Sin palabras – Cynthia Cohen

Prólogo del catálogo de la exposición de Cynthia Cohen en el Centro Cultural Recoleta. Buenos Aires, mayo 2008.

Desde Keep it clean, su primera muestra individual con las mujeres limpiando obsesivamente su casa, Cynthia Cohen describe el complejo universo de la subjetividad femenina. En Sin palabras, la muestra que hoy presenta, la artista deja de lado el rigor geométrico de aquellos inicios y elige un tono sarcástico partiendo del humor parodial. En este sentido se apoya en el lenguaje que usó su maestro, Pablo Suárez, para comentar sin concesiones el movimiento de cintura desbordado que pareciera que hay que hacer para no caerse del mapa y seguir jugando. Así surgió su “Movimiento exagerado para la conquista”, un trabajo casi mural en sus 2 metros, donde una mujer se dobla a un punto extremo para poder conseguir esa mirada tan anhelada de un ser que a veces sólo existe en el imaginario virtual de un mensaje de texto. Del desdoblamiento viene el salto y como una hoja en el viento sus personajes empiezan a revolotear entre pinceladas de colores. La elección del tono humorístico le permite evadir el discurso crítico y mantenerse al margen de la queja. La risa, con su carácter universal, fue siempre un arma poderosa para abolir provisionalmente las relaciones jerárquicas de los sistemas opresivos. Aún de la sutil cárcel que cada uno se arma. La ambivalencia del humor permite que la artista establezca un juicio sobre la realidad comentada de manera oblicua, distanciada, con una fuerza regeneradora que provoca en el espectador una reflexión profunda sobre aquello que en un primer momento le resulta cómico.

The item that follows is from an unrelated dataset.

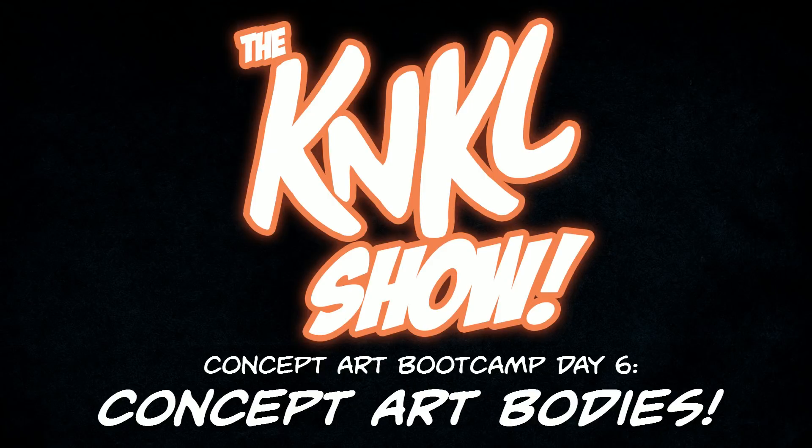Ladies and gentlemen, today is August 25th, 2017, and you dropped into the right place because today is the KNKL show! More importantly, concept art bootcamp, day six, where we learn to become amazing artists. And of course, we're going to be learning about concept art bodies.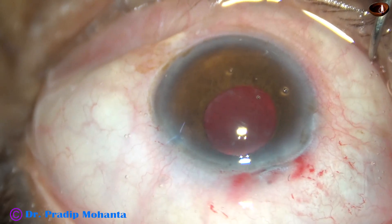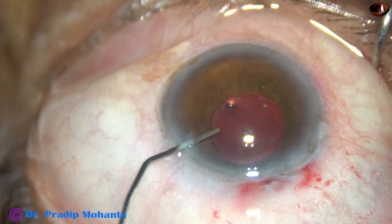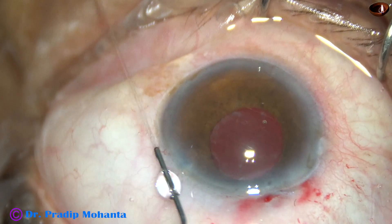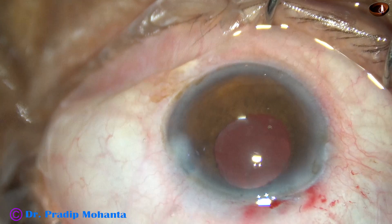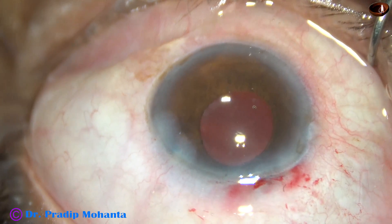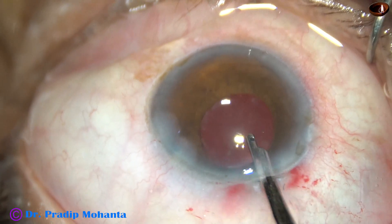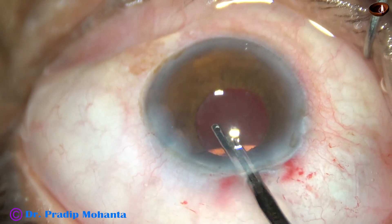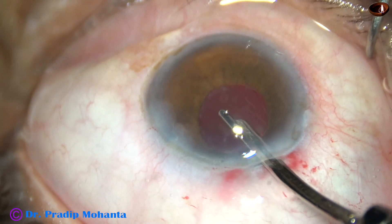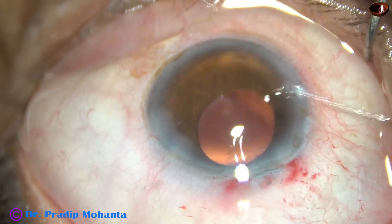In this case, the irrigation was through the main incision, and when the irrigation is through the main incision, lift the anterior lip of the main wound so that leakage becomes very minimal. And now the sideport is being hydrated. The main wound has been constructed in such a way that it doesn't need any hydration. And this is the final lavage of the anterior chamber. The anterior chamber is nicely formed and the case is concluded.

Hay un clima de psicodelia pop que atraviesa la muestra, que fue pintada con la inspiración de la música de los Beatles y del film A través del Universo. La música y el movimiento son 2 pilares, que se evidencia en los fondos en apariencia caóticos pero muy precisos. Las figuras se destacan en un primer plano de ese torbellino y se despegan por la intensidad del deseo en sus múltiples piruetas para intentar adaptarse, conciliar, pertenecer y ser aceptado. 

Para Cohen hoy la palabra es la imagen. Y el tema es la libertad. 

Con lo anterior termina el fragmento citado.